First, in an AP article carried by the Times there is a surprise — Richards' “crisis expert” said that his client had uttered anti-Semitic comments on another occasion — he wasn't offering this as an excuse (equal opportunity offender), he was responding to earlier criticism of his client:
As for reports that Richards shouted out anti-Semitic remarks during another standup comedy routine in April, Rubenstein confirmed his client did, but that he was only role-playing.
''He's Jewish. He's not anti-Semitic at all. He was role-playing, he was playing a part. He did use inappropriate language, but he doesn't have any anti-Semitic feelings whatsoever,'' Rubenstein said.
The role playing comment is interesting because in the Times, Viriginia Heffernan wrote:
“You know,” Mr. Richards said at one point, seeming to address Mr. Letterman directly, “I’m a performer. I push the envelope. I work in a very uncontrolled manner onstage. I do a lot of free-association” — he slurred the word a bit — “and spontaneous. I go into character.”
That fairly simple point seemed, in the delivery, important. In the Laugh Factory clip, which was cut, framed and semiliterately subtitled by AOL’s entertainment site, TMZ.com, Mr. Richards begins by saying, “Shut up! Fifty years ago …” and then the material becomes unpublishable. But viewed with the possibility in mind that he’s creating characters, it’s easy to see a trace of parody in the way he hams up his racist word, shaking his fist like the leader of a lynch mob.
As I had written after hearing Richards' commentary on the Seinfeld DVDs, Michael Richards is not the sharpest knife in the drawer.
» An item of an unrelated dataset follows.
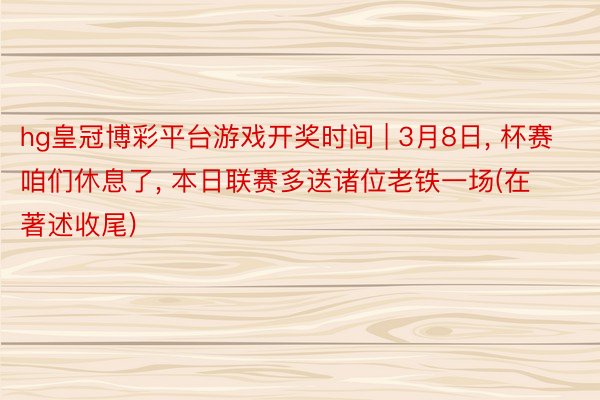 hg皇冠博彩平台游戏开奖时间 | 3月8日, 杯赛咱们休息了, 本日联赛多送诸位老铁一场(在著述收尾)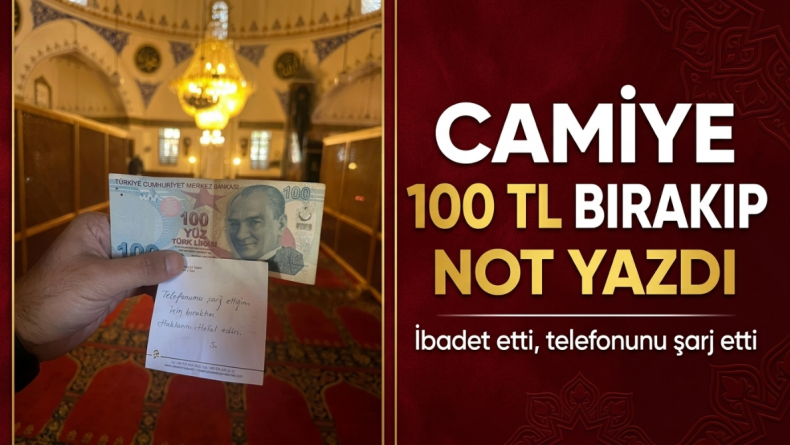 Cami elektriği için 100 TL bıraktı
His instinctual approach to performance might plausibly have had some confused motive — the creation of a racist “character” — meant to be mocked. But really, “confused” is the operative word — if that was the driving force, he needed to be more articulate after his meltdown than he apparently can be, and no matter what explanation he offered for his over-the-top performance, it was simply unacceptable under any circumstance.
Richards is a confused guy — a talented physical comedian, but severely limited in that very special way performers make evident nearly everyday in the media. Yet another supporting example of Charles Barkley's remark, “I'm not a role model.” The bottom line though is that the references in Richards' rant, not only the incendiary epithets, but the ideas themselves — references to lynching — are so repellent that the only group that can truly forgive him is the very African-American community that he so grievously attacked.
To finish off about the Times' coverage, here is a link to an article by the reliable Bill Carter, in an unusually clear and accurate report on Richards' appearance on Letterman — which I watched with horrified fascination — it was raw TV. The article clarified, at least partly, why the Letterman audience was intermittently laughing — they had not heard about the incident yet and thought Richards' appearance was a bit.
Indeed, during the first part of Mr. Richards’s comments, even though he was clearly distraught and expressing abject regret, some of the audience reacted with laughter, until Mr. Seinfeld gently mentioned that the interview was not meant to be funny.
FWIW, it appeared to me that Richards was sincere — presenting as a bewildered child, shocked he had brought down the wrath of the adults. Seinfeld was impressive, doing all he could to help his friend.